Let the reformation begin.
By a resounding 96-2 vote, the Senate passed legislation to revamp the IRS and give Americans more rights when forced to take issue with the unpopular taxing body. That followed an overwhelming 402-8 approval two weeks earlier in the House. President Clinton will now sign the bill.Much more still needs to be done to overhaul the IRS, but to use NASA analogy - what just took place was quite a liftoff.
Finally, after months of debate, a bill was passed that shifts the burden of proof from the taxpayer to the IRS when disputes arise. It also makes it easier for someone winning a case against the IRS to have the costs reimbursed by the government and forbids the agency from forcing taxpayers to pay interest and some penalties if the IRS did not notify them of the problem within 18 months of filing their return.
As Utah Senator Orrin Hatch, a member of the Finance Committee that held hearings on IRS abuses, noted, the overriding theme of the legislation is accountability. IRS employees have done their work in an environment with little or no oversight. No more. This bill significantly changes that equation.
A major switch involves an oversight board. A nine-member board that includes six private citizens will oversee the operations of the 102,000-employee agency. And staying with the accountability theme, workers could be fired for hiding mistakes.
Overhauling the IRS will be an ongoing process and should be given the time and resources needed to allow it to be done as quickly as possible.
Eventually it may be more productive to replace the IRS tax code than to spend many dollars and hours reforming it.
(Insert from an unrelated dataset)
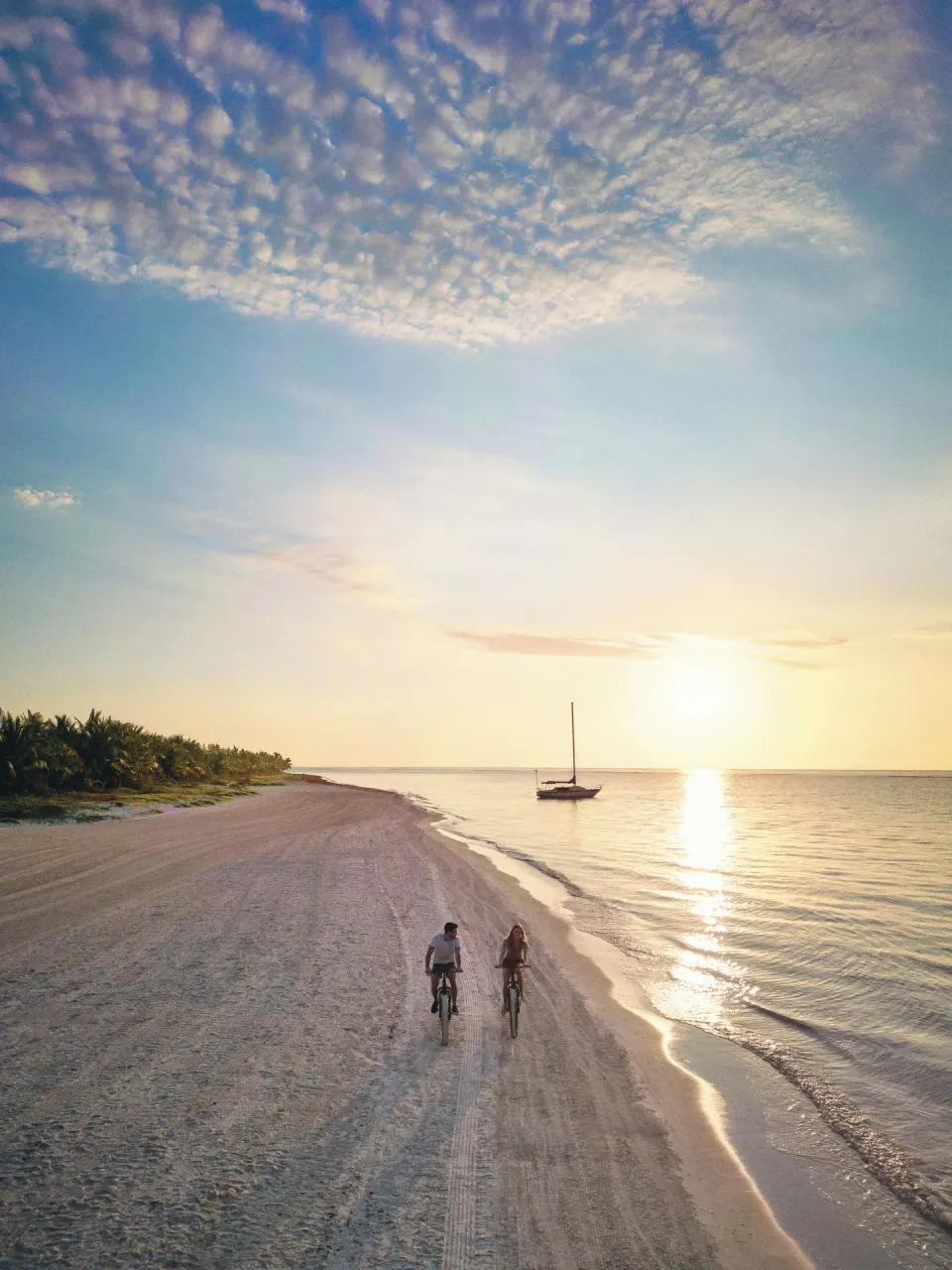 Two cyclists ride along the beach at sunset at Chablé Maroma.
After all, the complex code has more than 9,000 pages. Trying to understand it all is impossible for IRS agents, let alone the general public.
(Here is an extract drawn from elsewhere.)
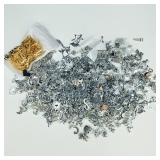 Large Lot of Silver & Gold Toned Pendants/Charms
But abolishing the current system should only be done if there is something better to replace it. A proposal to dissolve the IRS by 2002 doesn't make sense unless a new program has been studied and is ready to be implemented. So far, that has not happened.
Until something is found that improves the overall tax structure, Congress and the administration are doing the right thing by making substantial and significant changes to the current code. More changes need to follow.